I recently read a book I really liked. BONE DEEP IN LANDSCAPE, writing, reading, and place, by Mary Clearman Blew. In this book, she says, "...for many of us, the western landscape is permeated with private associations contained in memory and family narratives. Language is how we move from private silence to shared story."
I see painting as a visual language, and for the artist it is a way we move from "private silence to shared story." Our story might be realist or an abstract narrative. But we have something to say, we are trying to express what is on the inside, and find that meeting place on the outside.
The photographs I took yesterday turned out good, and I was able to get the inventory up to date, this includes the Poems of the Desert. I am not saying "all" of the inventory is up to date. I find this an ongoing process.
I have been looking at a poem by Marge Piercy, FOR THE YOUNG WHO WANT TO. And I think she is writing this poem to the "young," but I thought the poem might be directed to anyone, who might want to________________, become an artist, a actor, dancer, etc.etc.
The first word she uses in the poem is "talent." Again I found this interesting., because isn't "talent" the great excuse? I don't have to "try" because I don't have talent. You have gotten where you are, because, you have "talent."

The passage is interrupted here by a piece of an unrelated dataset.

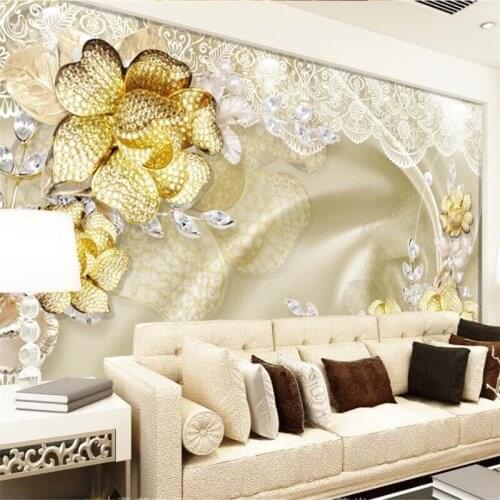 Beibehang Custom wallpaper 3D gold diamond luxury rose jewelry wall 5d living room bedroom murals papel de parede 8d wallpaper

Then she talks about how it is only "after", we are published (we create the work, and have a successful show), and are favorably reviewed, that we know we are an artist, a writer, etc.etc. Before that "what you have is a tedious delusion, a hobby like knitting."
She talks about what you do, is not recognized as "work." Until after the successful show, successful book, etc.etc. Is not treated by the outside world as something that is sacred and necessary, but "friends keep asking when you are planning to go out and get a job."
She talks about, how your genius is not recognized until after after it is recognized by the "authorities," until then, "they accuse you of withdrawing, ask why you don't have a baby, call you a bum."
She talks about the artist's desire for an MFA, or wants to "take workshops with fancy names when all you can really learn is a few techniques, typing instructions and somebody else's mannerisms." She says it is because, "every artist lacks a license to hang on the wall." How else can we "prove" who we are?
But then she says, "The real writer (artist) is the one who really writes (paints). And her final words are, "Work is its own cure. You have to like it better than being loved."
This poem reminds us, "Kiss an Artist Today." It's not easy to continue when after all we are the only ones who know what we are doing..........but the funny thing is that it is better than love, or maybe it is "love."